## Problem details
Copy down every line of the data that follows exactly. Omit the pictures.

## Data under study
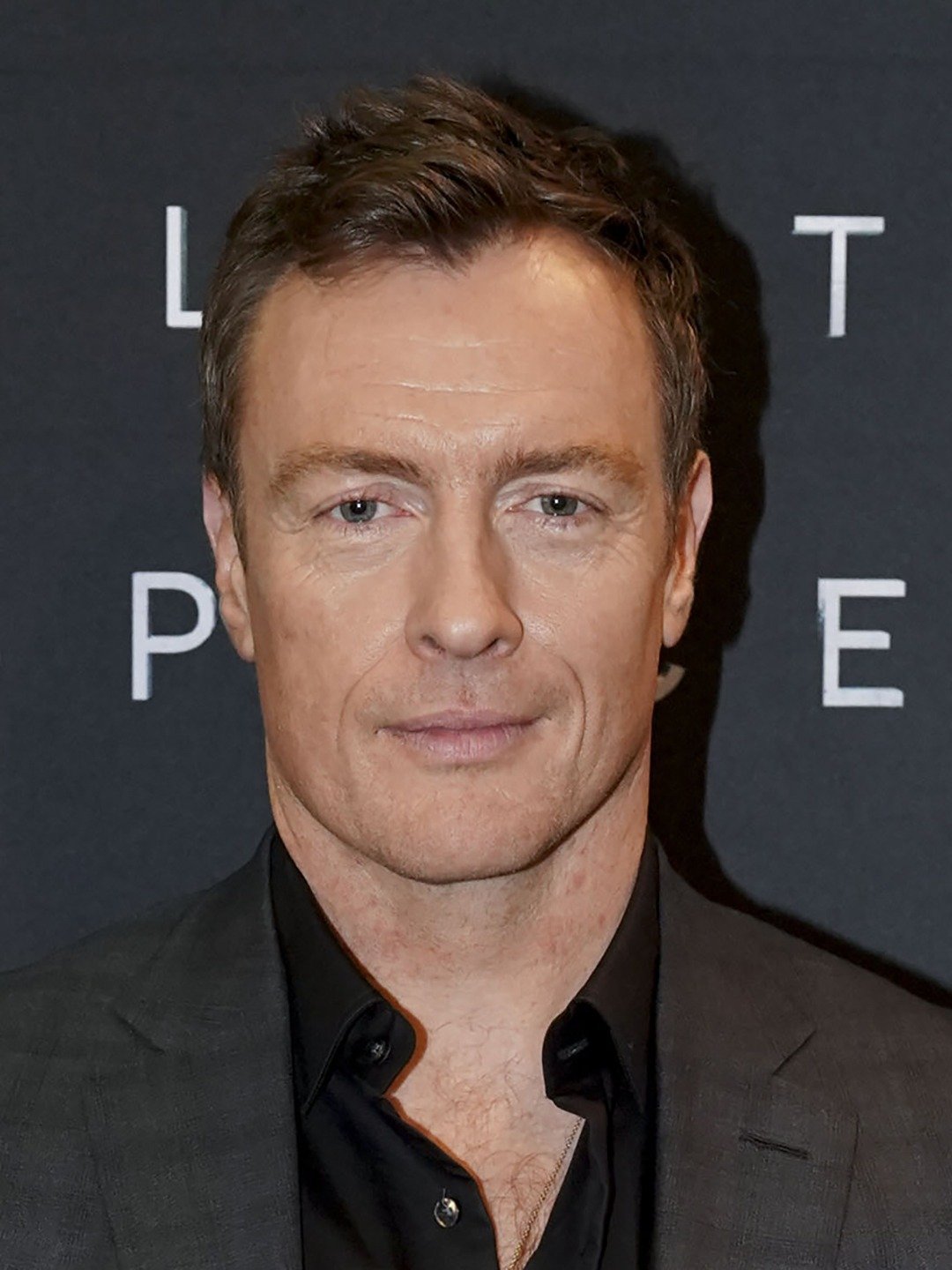 Toby Stephens starring in the new Lost In Space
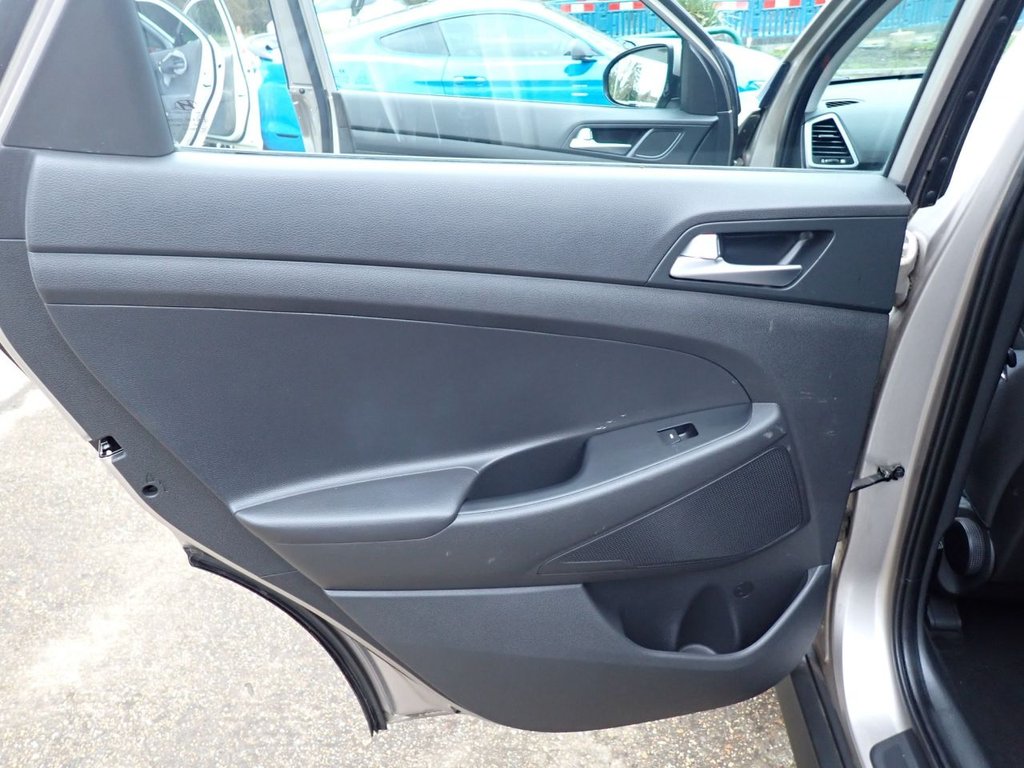 Used Hyundai TUCSON 2017 for sale - 77642750: Photo 35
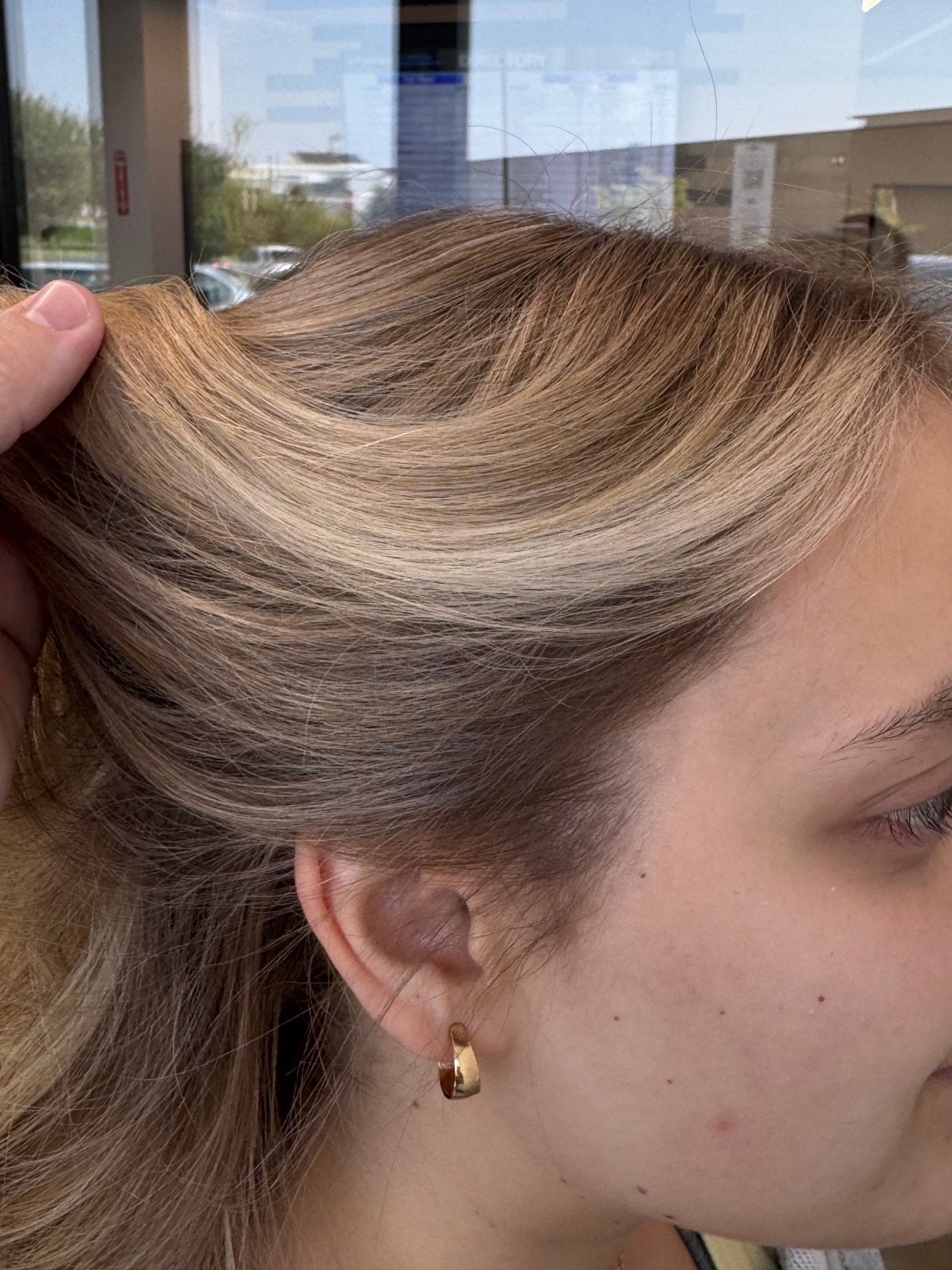 It&rsquo;s the small details and placement that really matter here. Nothing loud, just intentional and blended.

Gehrig kept it soft giving her a dimensional base, with a little face-framing brightness and depth to bring everything to life! 

#FortWo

## Response to this exercise
 Toby Stephens starring in the new Lost In Space
 Used Hyundai TUCSON 2017 for sale - 77642750: Photo 35
 It&rsquo;s the small details and placement that really matter here. Nothing loud, just intentional and blended.

Gehrig kept it soft giving her a dimensional base, with a little face-framing brightness and depth to bring everything to life! 

#FortWo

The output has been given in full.